- What you need to do -
Once the line containing "Menyala! Sejumlah TPS" is found in the records below, return it and each following line exactly, up to and including the line containing "28020000升华硫磺、沉淀硫磺；胶态硫磺出口年度走势图", and nothing else.

Items listed in a dataset
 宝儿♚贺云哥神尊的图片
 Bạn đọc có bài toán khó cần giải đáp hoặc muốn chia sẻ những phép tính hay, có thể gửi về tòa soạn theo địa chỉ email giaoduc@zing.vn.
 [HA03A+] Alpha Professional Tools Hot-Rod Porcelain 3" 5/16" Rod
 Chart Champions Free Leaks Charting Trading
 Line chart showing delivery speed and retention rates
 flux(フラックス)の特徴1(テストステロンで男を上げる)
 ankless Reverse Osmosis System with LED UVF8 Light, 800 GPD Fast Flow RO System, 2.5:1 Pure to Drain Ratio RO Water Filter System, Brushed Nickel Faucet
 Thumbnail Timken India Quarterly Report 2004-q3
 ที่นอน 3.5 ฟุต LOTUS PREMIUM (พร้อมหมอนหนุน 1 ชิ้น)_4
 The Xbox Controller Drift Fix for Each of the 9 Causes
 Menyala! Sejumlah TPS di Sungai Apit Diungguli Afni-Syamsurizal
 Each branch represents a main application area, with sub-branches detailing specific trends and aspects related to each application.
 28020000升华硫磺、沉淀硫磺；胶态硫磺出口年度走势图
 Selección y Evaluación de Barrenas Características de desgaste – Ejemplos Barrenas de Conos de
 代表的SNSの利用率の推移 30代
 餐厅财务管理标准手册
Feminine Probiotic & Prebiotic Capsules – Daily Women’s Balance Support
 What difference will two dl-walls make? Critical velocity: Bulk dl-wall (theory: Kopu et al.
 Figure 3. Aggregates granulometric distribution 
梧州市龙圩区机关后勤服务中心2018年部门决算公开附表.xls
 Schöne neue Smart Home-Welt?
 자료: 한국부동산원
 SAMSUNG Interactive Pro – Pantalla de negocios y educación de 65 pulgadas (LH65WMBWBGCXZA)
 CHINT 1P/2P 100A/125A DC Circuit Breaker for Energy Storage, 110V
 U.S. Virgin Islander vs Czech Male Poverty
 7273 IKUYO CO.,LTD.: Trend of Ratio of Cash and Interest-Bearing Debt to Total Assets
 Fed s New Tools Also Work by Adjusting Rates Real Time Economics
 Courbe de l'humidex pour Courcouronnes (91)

- Exercise solution -
 Menyala! Sejumlah TPS di Sungai Apit Diungguli Afni-Syamsurizal
 Each branch represents a main application area, with sub-branches detailing specific trends and aspects related to each application.
 28020000升华硫磺、沉淀硫磺；胶态硫磺出口年度走势图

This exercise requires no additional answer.